Well. I hope I can encourage you. I took my CPC last September and had only been in my first coding job for 6 months. My work colleagues decided they weren't ready for the test so they all pulled out and waited for a boot camp to help them. I took the exam and passed. Next thing is my company wants someone to do all the anesthesia coding that we currently outsource and I volunteer. They set me up for the CANPC exam and I pass that at the first attempt (just, but there again it is recommended that you have at least 2 years working that specialty) 
 I'm not boasting about my achievements but it shows it can be done with a bit of hard work and committment...also it shows that you don't really need 2 years experience in a particular to pass although it obviously helps.
If you want to specialize you go for it.....................now what can I do?


----------



## daisychris (Aug 26, 2010)

*Pass Specialty Exam in a Specialty I"ve never worked in ?*

Has anyone taken a  specialty exam in a field that they have not worked in ?

I've been coding for 25 years now....CPC certified in 2003 and now I'm thinking of becoming certified in a specialty that I haven't tackled.  I  agree that having two years in that particular field lays the foundation for the test, but with hard work others have done it.

How did you study for specialty exam ? Were you in a group setting or did you strictly fly solo ?  
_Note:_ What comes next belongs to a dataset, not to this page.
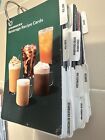 Hard To Find Starbucks 2021 Beverage Recipe Cards Collectible USED w/ 22-24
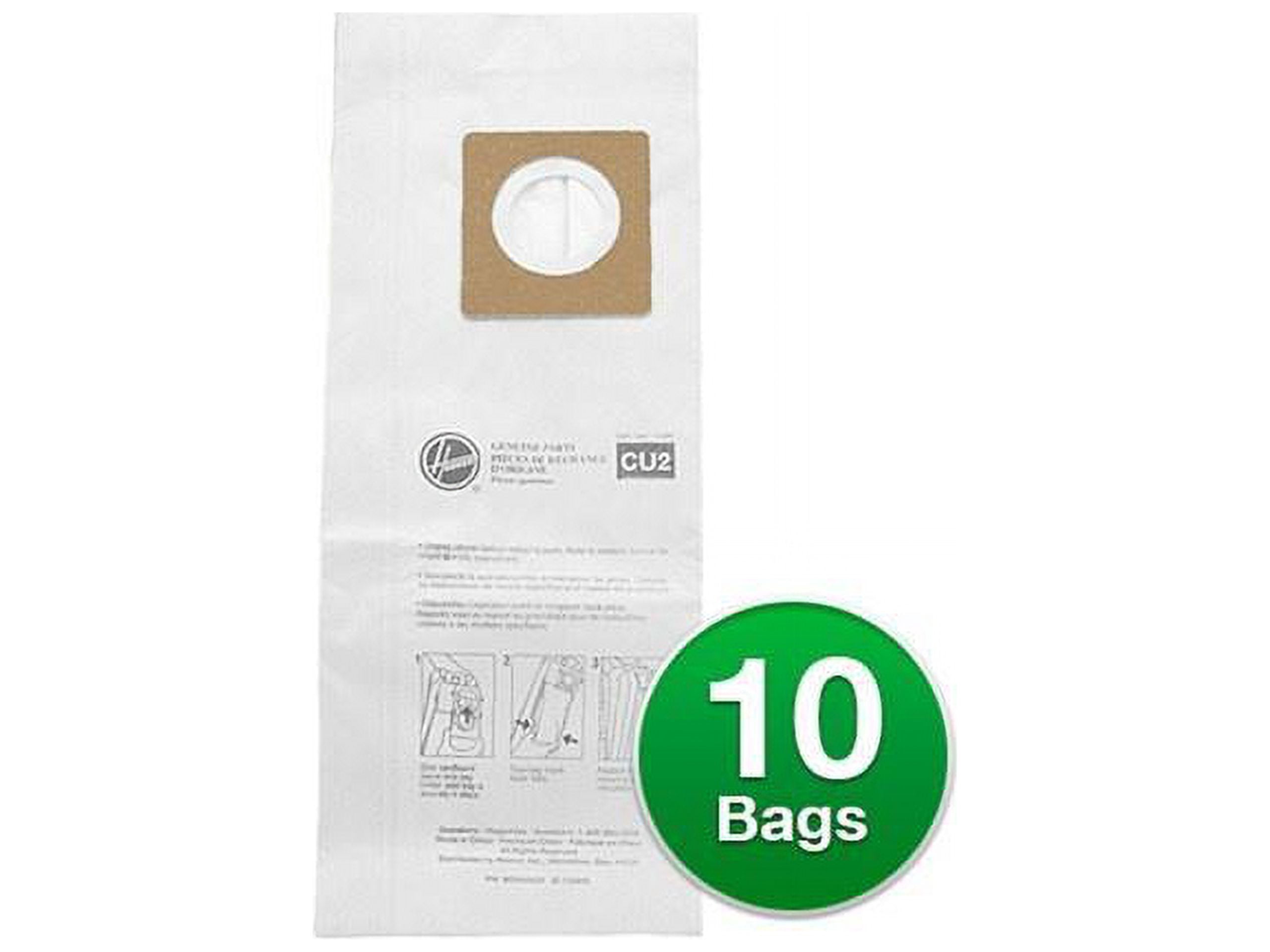 Hoover Commercial Bag Cu2 Standard, 10 pack, AH10143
Any and all advice is appreciated !


----------



## cvangilder (Aug 26, 2010)

Congrats! i take my re-take this weekend.. i am very nervous! i have been studying and all but still feel like it is not enough..i am a bad test taker i always have been ever since i could remember as well i have a learning disability due to hearing loss (even though the test is not spoken out loud it still affects me) but i now know what to expect and i know how i am going to tackle the test do the back first then the reports that are short then the long one i am still having trouble with burns and what not. Congrats again that is wonderful! i just hope i pass


----------